Going to the gym is about to get a lot more expensive.
That’s because the share of companies offering wellness programs dropped 13 percent this year. These programs — which often include subsidized gym memberships, free fitness trackers and bonuses for losing weight — keep employees healthy, thereby cutting medical and insurance expenses. At least that’s the theory.
In practice, many companies aren’t seeing a return on their wellness investments, so they’re ditching the programs.
That’s a mistake. Employers can save themselves millions through wellness programs. They just need to find ways to boost workers’ low participation rates.
Properly designed wellness programs pad
companies’ bottom lines. Every dollar spent on wellness programs reduces medical costs by over $3, according to a Health Affairs study.

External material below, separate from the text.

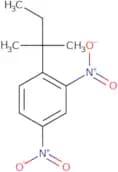 1-(2-Methylbutan-2-yl)-2,4-dinitrobenzene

Of course, the programs only work if employees participate. Right now, four in 10 workers opt out. A majority of those employees say they don’t have enough time to take part, and 43 percent say the program locations are too inconvenient.
In response to such concerns, some companies are bringing healthy choices right to workers’ offices.
For instance, Blue Shield California stocks the cafeteria with nutritious food and provides sit-stand and treadmill desks. Eighty percent of employees now participate in the wellness program. Over a four-year period, employees’ physical activity rates increased 32 percent, and high blood pressure rates dropped 66 percent.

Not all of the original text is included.